The refugees arrived divided, but very soon that changed.

“When they first came here they kept within their own groups. I had to take a Dinka athlete and make them sleep in the same dorm room as a Nuer athlete,” says Coach Anzrah, naming ethnic groups from South Sudan that recently fought a brutal civil war.

They trained together, did chores together and took turn leading the training runs every morning.

“We have come together as a team. We have come together through training. Sport can bring peace,” says Nathike.

Many of the athletes had no shoes or sports gear when they arrived. Most had never left their refugee camps. And few knew anything about running.

“One of the runners took out his spiked track shoes for a cross-country run,” recalls Anzrah. They were football players or sports enthusiasts — undiscovered raw talent, whereas Kenyan high school athletes join elite coaching programs already polished and practiced.

“If these young athletes lived in their respective countries and they had peace and proper training, maybe their talent could win a gold medal in Rio. Maybe it is talent that has gone to waste because of war,” says Anzrah.

From refugees to Olympians

Forty-three refugee athletes from around the globe contended for a spot on the Refugee Olympic Team, including swimmers and judo players, marathoners and sprinters.

In Ngong, the athletes gather in a hall in early June, sitting on wooden benches and chairs.
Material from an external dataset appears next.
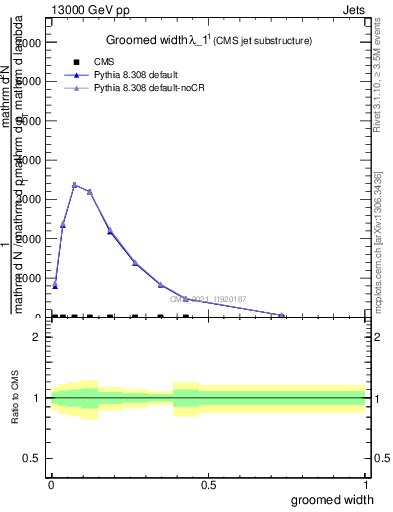 Plot of j.width.g in 13000 GeV pp collisions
For the athletes who make it, it will be a life-changing event. They will go to Rio like any other team, stay in the Olympic village, and compete in front of thousands in the stands, and millions around the globe.

And the significance is not lost on the athletes.

“It will be the first time for refugees to be there,” says Rose Nathike as she waits to find out if she has made the team. “Because people do undermine refugees as if they are not human beings like them. But now I can see maybe, refugees can also discover their talents and seem like other people.”

The live stream to Geneva, Switzerland, where the team is being officially announced, is chopping in and out, so the camp manager holds up a sheet of paper and reads out the names.

Nathike sits in her chair and smiles broadly as her name is read out. She’s made it — she’s one of ten refugee athletes heading to Rio.

They trained for months together, pushed past their traumas and their differences together, and now they celebrate together, jumping, slapping hands and dancing. Labeled their whole lives as “refugees,” they’ve now been given the chance to be champions.

“Refugees can do anything, just like anybody else,” says Nathike.